Change internal group names

Iron Contributor


today we had problems with the provisioning. To fix that I saw that Microsoft has change by some groups form “c:0-.f|rolemanager” to “c:0t.c|tenant”. Can anybody please explain why the do the change? And where I can read about it?



13 Replies

I have the same problem can anyone answer this question?


Same here... Does anyone have an idea what happened??

Just happened on our tenant also. What a farce, I use these groups in various scenarios, nothing from Microsoft as usual!

Same happened on our tenant without any announcement.
Same here. We have duplicate "Company Administrators" now with the “c:0-.f|rolemanager” one being outdated . This is messing up scripts for us. What does this change mean?

I am now seeing this as well and it is affecting our provisioning. 

Same happend in our tenant. Seems over the weekend something has changed without any heads up, which now is causing our sites to be provisioned (using PnP Provisioning templates) without the correct permissions.

It is very interesting respond. The change of the internal group names comes over a time period in different tenants.
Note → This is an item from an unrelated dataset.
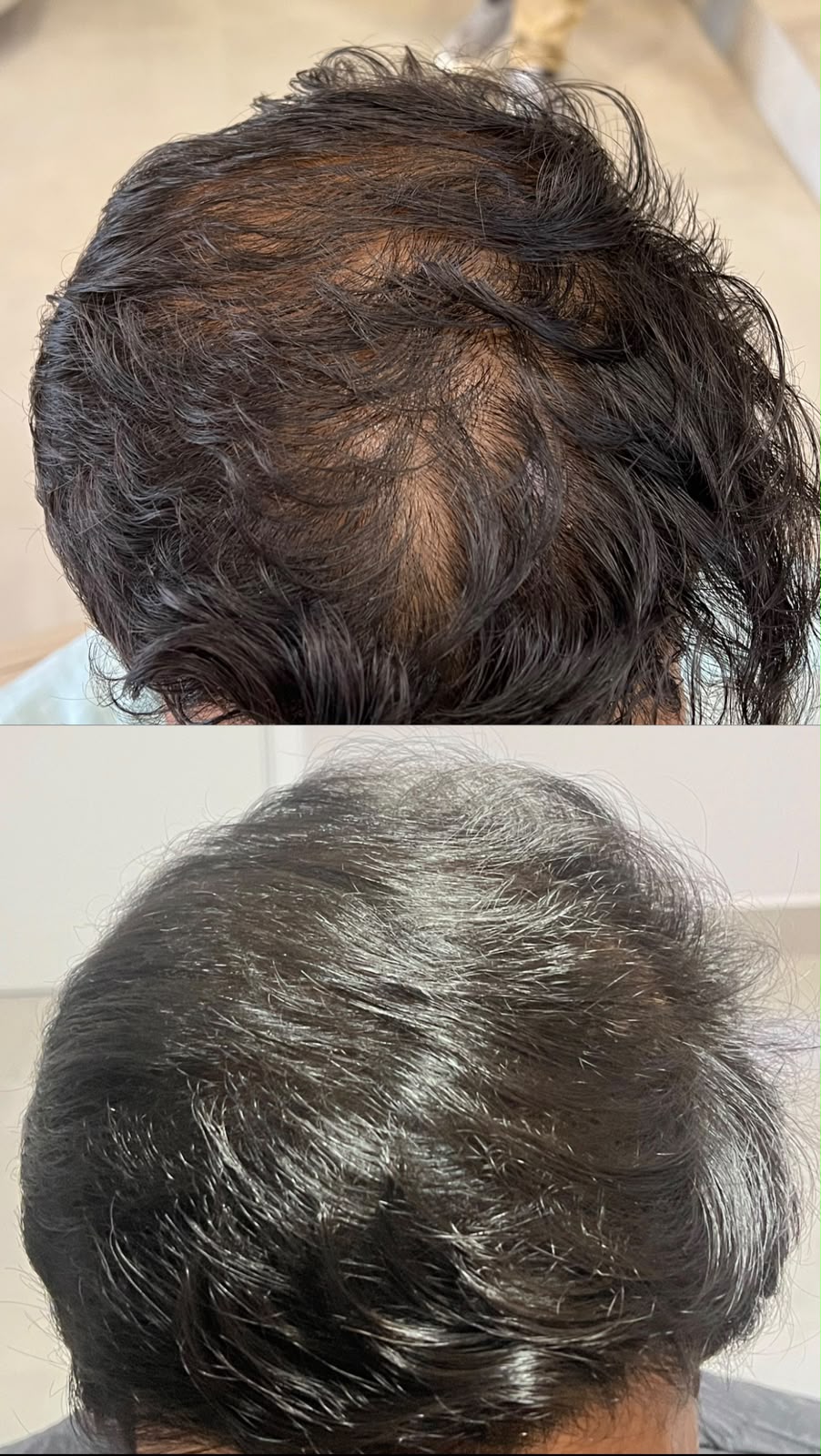 Antes e depois de tratamento capilar 6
What says MS to it?


@Vesa Juvonen can you please somting to it?

best response confirmed by VI_Migration (Silver Contributor)

I'm not really aware of this issue or the change behind of it. Please open an official SharePoint Online support case for asking details, so that the request would fall on the official process.

Just made a support ticket and got the following response:

"This is by design. This tenant is using the objectID as the claim encoded loginName in userinfo. This is something that all tenants will be transitioned to in the future. We will start using objectID instead of SID values for groups within SPO. "

Typical Microsoft response, I think we all realise that this is "by design" the point is that they roll it out without telling anyone!

This is breaking provisioning code for me as well. It doesn't seem that EnsureUser works with the new ID, whereas it worked with the old one. Has anybody been able to use EnsureUser against one of the new IDs?

For what it's worth Web.EnsureUser no longer works using App-Only permission but still works using the new IDs and user authenticated ClientContext. So I'm back in business.